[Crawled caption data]
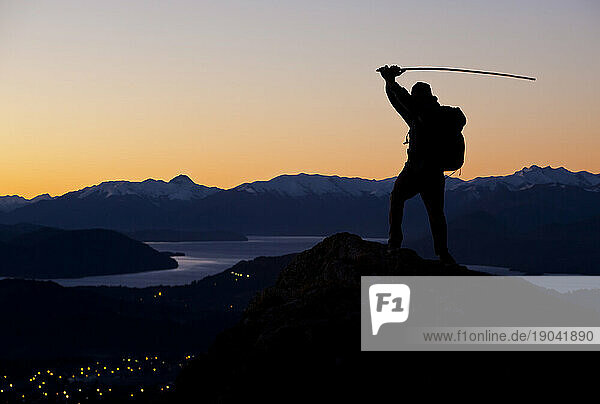 A Man With A Bamboo Stick Swings It Above His Head While Standing On A Mountain Peak During Sunset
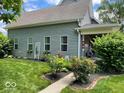 Landscaped home exterior with lush green lawn, colorful flowerbeds, and well-maintained gray siding at 1390 Greenfield Ave, Noblesville, IN 46060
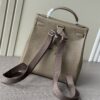 sy_no_F7B2AFD84D4F2080F67362212BBD7B1A_1 Kelly Ado 28 Backpack – Elephant Gray Togo Leather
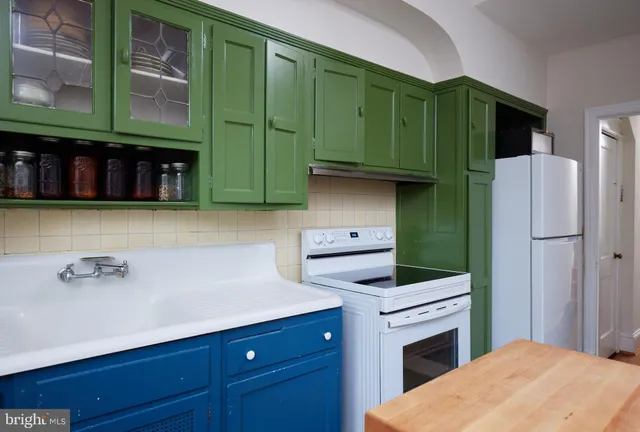 a kitchen with stainless steel appliances white cabinets and a refrigerator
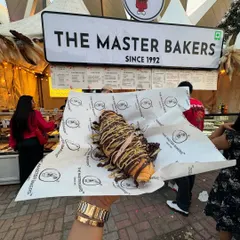 Our Kunafa Croissant, seen here at the Horn OK Please festival, is a star. Held up against the backdrop of our bustling stall, you can see the generous layers of chocolate and pistachio that make it so irresistible.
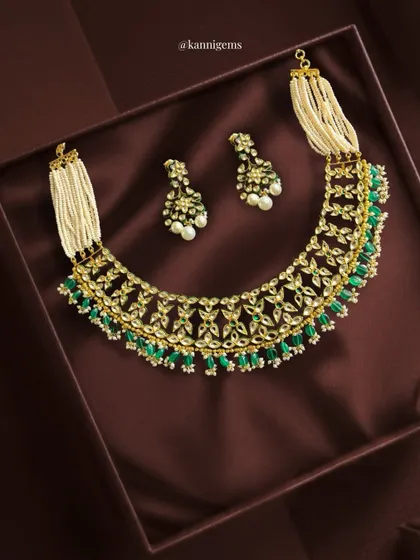 Luxury finds its true form in this intricately handcrafted Kundan choker. It blends rich textures of pearls, gleaming kundan work, and vibrant emerald drops, creating a statement of grace, tradition, and timeless beauty.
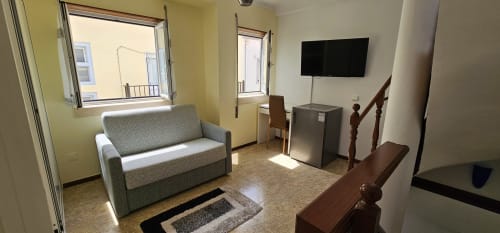 Sala de estar do apartamento Sunao Nazaré com sofá cinzento, televisão de ecrã plano, janelas e corrimão de escada em madeira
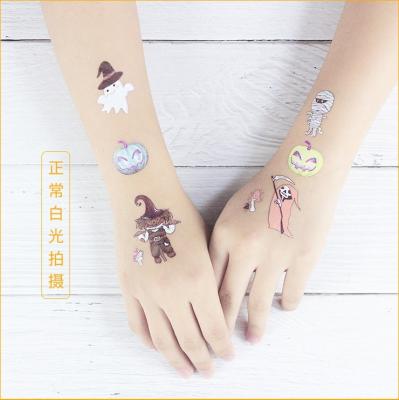 China Temporary 2022 New Fashion Cute Kids Halloween Body Arm Face Tattoo Stickers Children'S Cartoon Pumpkin Luminous Tattoo Sticker for sale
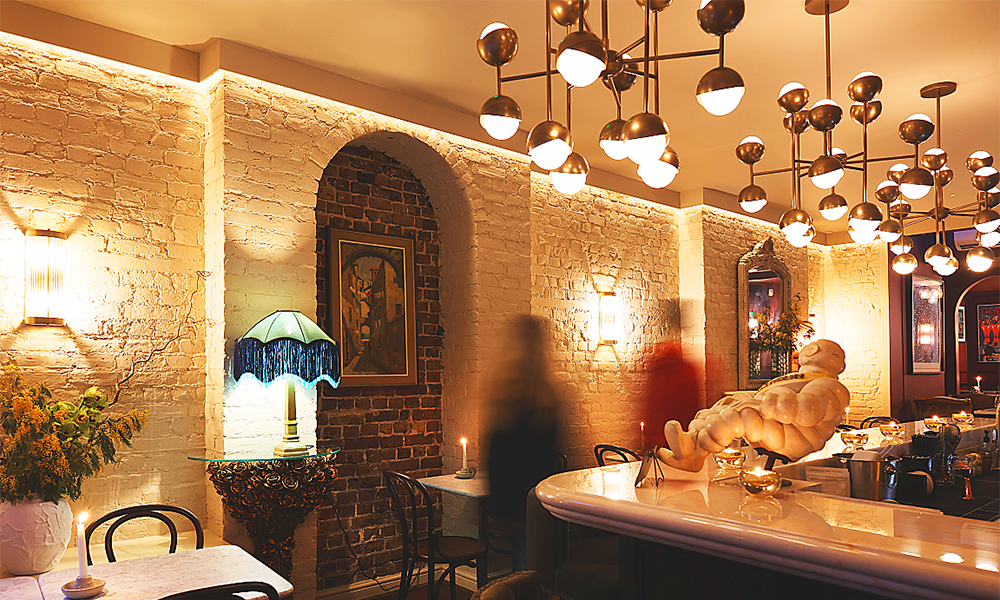 Image shows the interior of Fleurie in Bermondsey Street, a warmly lit wine bar with white walls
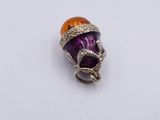 a close up of a purple and orange glass bead on a white surface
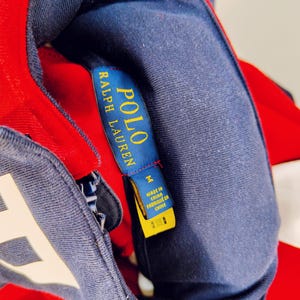 May include: Close-up of a red, white, and navy blue Polo Ralph Lauren jacket. The navy blue collar and label are visible, with the brand name in gold lettering. The jacket is size M and made in China.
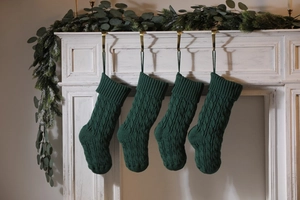 Detail of four dark green knitted Christmas stockings with classic cable stitch patterns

# Exercise description
Above are records; repeat only the lines from the line with "China Temporary 2022" through the line with "a close up of", and leave pictures out.

# Written answer
 China Temporary 2022 New Fashion Cute Kids Halloween Body Arm Face Tattoo Stickers Children'S Cartoon Pumpkin Luminous Tattoo Sticker for sale
 Image shows the interior of Fleurie in Bermondsey Street, a warmly lit wine bar with white walls
 a close up of a purple and orange glass bead on a white surface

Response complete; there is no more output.